# BW last night....



## Jason (Oct 2, 2007)

I wish I had a great report....well it was great in a way.

I started off launching at the end of Ward Basin (forgot the name of launch) bout 2100. I got to the launch and was like dern it...I forfot my lifejackets!!! I called around to some friends and managed to get 3. We took off in high hopes!!! Wind started blowing and a slight chop, water was not too clear. We gave it all we had, I trolled a little, pulled a little...pulled a little more! Got to 1 area that was purty just too shallow. Had to get everyone out of the sled and push/pull!!! We saw zero flatties but gigged a bunch of trash that ended up chum/whole bait fer shark fishing. Managed to get a keeper sheep, good thing...not sure how he would have survived if released! Hahaha. All in all it was a fun trip, winds and water died down around 0200 and we left bout 0300. I did leave a gulp shrimp trail behind the boat, something spooled it but broke off so at least I got the new line back that I just spooled!!! Wasn't thoroughly impressed by the lights I got on there but it may have been more because conditions.... My daughter enjoyed herself gigging trash fish anyways...

I didn't take many shots but the 2nd pic will show you how it turned out to be a great night seeings how it could have ended!!!!

Used my trolling motor like crazy and only used 27% of em!!!


----------



## crazyates (Sep 3, 2011)

I live a few miles from that boat launch at the end of ward basin (browns). I guess the flounder haven't made it to blackwater bay yet. Anyone heard? I usually go to Alabama but would love to get in em by the house. I didn't have much luck in blackwater last summer


----------



## drifterfisher (Oct 9, 2009)

I have drove off with out latching...but never hooking everything up but the ball.
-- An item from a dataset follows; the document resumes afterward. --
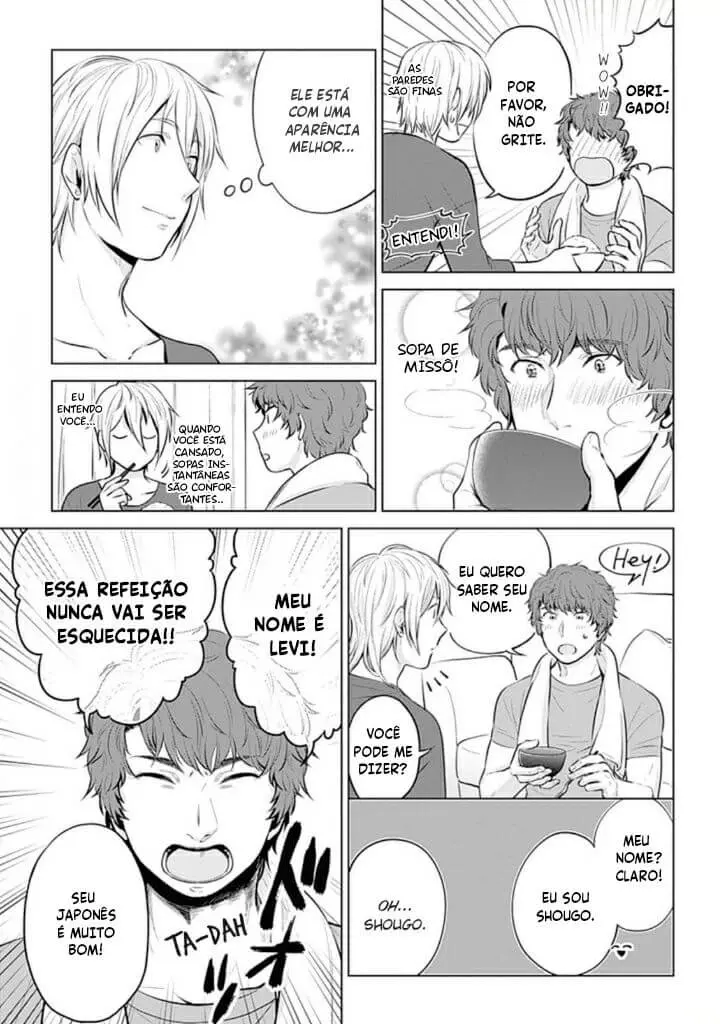 Mr. Levi and Me – Capítulo 01 Yaoi – Página 15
Time out with the kiddos is why ya go,stickin fish is the bonus...And time on the water will show you when and where to go. So take'm as much as ya can.


----------



## Jason (Oct 2, 2007)

I am "usually" good about checking once I lock everything down....slacked this time and cant believe I made it from the house to launch and back without it flopping off!!! GOD was watching out fer this idiot last night!


----------



## crazyates (Sep 3, 2011)

I usually complain about how nose heavy my boat is when I move it in the yard but it helps when I do something like that


----------



## Jason (Oct 2, 2007)

crazyates said:


> I usually complain about how nose heavy my boat is when I move it in the yard but it helps when I do something like that


Mine's totally opposite....it's way rear end heavy.....:shifty:


----------



## Catchin Hell (Oct 9, 2007)

Look like you came out a winner whether you caught any fish or not in that situation. :thumbsup:


----------



## flukedaddy (Apr 11, 2009)

Man atleast its not just me. This is my first spring for gigging and all I can say is I know allot of places where not to catch flatties, lol. Went to Galvez landing for the 2nd time on Tuesday night and managed one 14 incher and about 6 skinny mullet. I told my buddy one of the nights I am gonna throw my lights off and go back to daylight huntin where I was allot more successful. The only things I know about gigging is what I have read on here. I swear I have seen 1,000 rays, the other night I did see about 15 crabs as well, of course didnt bring the scoop net.


----------



## drifterfisher (Oct 9, 2009)

Don't worry FD its not you. This spring has been slow for everyone.


----------